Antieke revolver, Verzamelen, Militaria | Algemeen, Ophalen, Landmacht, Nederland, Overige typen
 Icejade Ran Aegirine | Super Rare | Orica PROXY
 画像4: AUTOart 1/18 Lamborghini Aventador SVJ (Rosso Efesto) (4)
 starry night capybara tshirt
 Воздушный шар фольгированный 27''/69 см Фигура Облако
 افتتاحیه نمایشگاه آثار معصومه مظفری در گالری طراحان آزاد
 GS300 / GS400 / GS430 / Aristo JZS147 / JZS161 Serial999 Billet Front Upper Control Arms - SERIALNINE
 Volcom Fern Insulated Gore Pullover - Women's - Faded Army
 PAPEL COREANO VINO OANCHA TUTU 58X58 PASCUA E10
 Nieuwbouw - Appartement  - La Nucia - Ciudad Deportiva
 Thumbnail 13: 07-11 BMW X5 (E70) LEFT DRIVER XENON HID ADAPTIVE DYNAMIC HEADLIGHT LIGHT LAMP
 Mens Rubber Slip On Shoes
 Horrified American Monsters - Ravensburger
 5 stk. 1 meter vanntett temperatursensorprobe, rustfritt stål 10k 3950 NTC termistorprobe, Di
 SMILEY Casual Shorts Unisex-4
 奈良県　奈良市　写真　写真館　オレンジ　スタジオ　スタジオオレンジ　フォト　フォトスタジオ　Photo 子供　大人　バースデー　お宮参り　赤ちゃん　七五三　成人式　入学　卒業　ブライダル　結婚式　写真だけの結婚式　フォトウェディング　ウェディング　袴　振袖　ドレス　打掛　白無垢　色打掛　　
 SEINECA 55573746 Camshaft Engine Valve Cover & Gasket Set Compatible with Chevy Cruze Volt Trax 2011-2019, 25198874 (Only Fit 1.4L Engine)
══════
Retype every entry above, word for word.

**Problem solution:**
Antieke revolver, Verzamelen, Militaria | Algemeen, Ophalen, Landmacht, Nederland, Overige typen
 Icejade Ran Aegirine | Super Rare | Orica PROXY
 画像4: AUTOart 1/18 Lamborghini Aventador SVJ (Rosso Efesto) (4)
 starry night capybara tshirt
 Воздушный шар фольгированный 27''/69 см Фигура Облако
 افتتاحیه نمایشگاه آثار معصومه مظفری در گالری طراحان آزاد
 GS300 / GS400 / GS430 / Aristo JZS147 / JZS161 Serial999 Billet Front Upper Control Arms - SERIALNINE
 Volcom Fern Insulated Gore Pullover - Women's - Faded Army
 PAPEL COREANO VINO OANCHA TUTU 58X58 PASCUA E10
 Nieuwbouw - Appartement  - La Nucia - Ciudad Deportiva
 Thumbnail 13: 07-11 BMW X5 (E70) LEFT DRIVER XENON HID ADAPTIVE DYNAMIC HEADLIGHT LIGHT LAMP
 Mens Rubber Slip On Shoes
 Horrified American Monsters - Ravensburger
 5 stk. 1 meter vanntett temperatursensorprobe, rustfritt stål 10k 3950 NTC termistorprobe, Di
 SMILEY Casual Shorts Unisex-4
 奈良県　奈良市　写真　写真館　オレンジ　スタジオ　スタジオオレンジ　フォト　フォトスタジオ　Photo 子供　大人　バースデー　お宮参り　赤ちゃん　七五三　成人式　入学　卒業　ブライダル　結婚式　写真だけの結婚式　フォトウェディング　ウェディング　袴　振袖　ドレス　打掛　白無垢　色打掛　　
 SEINECA 55573746 Camshaft Engine Valve Cover & Gasket Set Compatible with Chevy Cruze Volt Trax 2011-2019, 25198874 (Only Fit 1.4L Engine)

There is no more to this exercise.